Zombie debt eats lawyers’ ethics — and your money

Brian J. O'Connor
Detroit News Finance Editor

Here’s a fun banking fact: JP Morgan Chase owns the pistols used in the famous duel between Aaron Burr (founder of a firm that merged with the bank) and Alexander Hamilton. I saw the pistols in person a few years ago and, since they were antiques, I assumed they weren’t getting much use. But clearly Chase is regularly pulling those .54-cal. babies out on a regular basis to shoot itself in the foot — and its customers squarely in the wallet.

This time it involves Chase coughing up $216 million in penalties and fines to settle with Michigan, 46 other states, the Comptroller of the Currency and the Consumer Finance Protection Bureau over illegal and abusive debt-collection practices involving 528,000 credit card accounts.

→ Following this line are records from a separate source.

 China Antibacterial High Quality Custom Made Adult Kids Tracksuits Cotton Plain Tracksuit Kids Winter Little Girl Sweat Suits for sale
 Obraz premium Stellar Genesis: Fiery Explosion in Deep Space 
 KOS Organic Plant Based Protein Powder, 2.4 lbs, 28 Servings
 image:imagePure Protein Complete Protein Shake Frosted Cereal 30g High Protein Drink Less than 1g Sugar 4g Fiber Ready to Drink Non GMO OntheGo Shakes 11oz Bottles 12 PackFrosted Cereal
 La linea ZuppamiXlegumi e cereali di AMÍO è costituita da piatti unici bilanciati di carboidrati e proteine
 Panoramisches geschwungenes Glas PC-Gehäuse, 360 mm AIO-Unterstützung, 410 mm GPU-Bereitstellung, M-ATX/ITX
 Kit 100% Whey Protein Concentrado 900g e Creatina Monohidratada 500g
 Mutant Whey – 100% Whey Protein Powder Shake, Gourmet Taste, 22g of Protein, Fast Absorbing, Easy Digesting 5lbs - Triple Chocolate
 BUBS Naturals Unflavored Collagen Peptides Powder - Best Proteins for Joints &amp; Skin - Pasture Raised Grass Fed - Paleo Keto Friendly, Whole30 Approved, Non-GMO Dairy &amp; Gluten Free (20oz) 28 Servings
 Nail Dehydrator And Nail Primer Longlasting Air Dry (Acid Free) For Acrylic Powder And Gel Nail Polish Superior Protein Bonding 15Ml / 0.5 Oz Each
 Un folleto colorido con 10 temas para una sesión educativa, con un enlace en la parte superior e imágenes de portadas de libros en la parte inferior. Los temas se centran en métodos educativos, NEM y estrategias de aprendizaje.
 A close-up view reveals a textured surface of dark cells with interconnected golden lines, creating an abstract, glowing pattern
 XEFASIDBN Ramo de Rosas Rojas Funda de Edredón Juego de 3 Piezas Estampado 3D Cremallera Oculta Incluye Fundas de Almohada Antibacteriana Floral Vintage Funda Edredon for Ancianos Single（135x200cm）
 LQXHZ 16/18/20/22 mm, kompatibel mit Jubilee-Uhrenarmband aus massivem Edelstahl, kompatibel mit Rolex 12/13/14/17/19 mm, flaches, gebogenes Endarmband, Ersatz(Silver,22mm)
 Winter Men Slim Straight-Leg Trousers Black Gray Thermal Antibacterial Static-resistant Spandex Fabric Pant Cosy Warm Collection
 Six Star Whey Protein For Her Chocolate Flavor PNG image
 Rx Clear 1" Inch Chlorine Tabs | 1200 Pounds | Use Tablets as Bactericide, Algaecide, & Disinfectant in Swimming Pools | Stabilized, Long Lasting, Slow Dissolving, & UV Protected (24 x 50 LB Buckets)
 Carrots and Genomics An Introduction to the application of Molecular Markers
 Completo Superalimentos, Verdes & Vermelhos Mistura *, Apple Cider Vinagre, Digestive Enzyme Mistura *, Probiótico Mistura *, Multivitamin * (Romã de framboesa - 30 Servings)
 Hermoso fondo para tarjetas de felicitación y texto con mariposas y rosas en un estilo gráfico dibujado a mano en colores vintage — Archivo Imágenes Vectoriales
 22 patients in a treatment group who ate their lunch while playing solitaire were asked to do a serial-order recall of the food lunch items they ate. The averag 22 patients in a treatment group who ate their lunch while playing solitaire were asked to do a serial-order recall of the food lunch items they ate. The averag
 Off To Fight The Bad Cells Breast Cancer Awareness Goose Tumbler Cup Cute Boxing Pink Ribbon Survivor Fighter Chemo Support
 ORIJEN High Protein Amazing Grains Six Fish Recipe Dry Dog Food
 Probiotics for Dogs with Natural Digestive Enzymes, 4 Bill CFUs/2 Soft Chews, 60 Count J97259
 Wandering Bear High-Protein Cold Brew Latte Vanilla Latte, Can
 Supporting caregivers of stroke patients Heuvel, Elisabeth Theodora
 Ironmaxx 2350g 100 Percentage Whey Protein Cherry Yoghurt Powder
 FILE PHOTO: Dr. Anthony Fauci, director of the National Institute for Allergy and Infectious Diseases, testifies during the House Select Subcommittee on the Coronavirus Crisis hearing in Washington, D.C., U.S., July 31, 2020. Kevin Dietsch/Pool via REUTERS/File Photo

The violations included trying to collect or selling to debt collectors accounts that Chase wasn’t legally allowed to collect. These debts had already been settled or paid in full, discharged in bankruptcy, was fraudulent and not owed by the debtors, was already under a payment plan, or no longer owned by Chase, according to the Protection Bureau.

But here’s the part that’s truly galling: Chase lawyers — yes, actual sworn officers of the court — filed fraudulent lawsuits and court documents, including robo-signed affidavits and failed to tell courts when it discovered errors.

Experts in debt collection, however, find my shock amusing. It turns out that because of what’s either thoughtless penny-pinching, outright greed or some combination of the two, lawyers filing legally sketchy, inaccurate or blatantly fraudulent civil lawsuits is standard operating procedure for debt collectors.

It’s aliiiiive!

“It’s a fascinating industry,” says Mike Cardoza, a San Francisco consumer protection attorney and author of “The Secret World of Debt Collection.”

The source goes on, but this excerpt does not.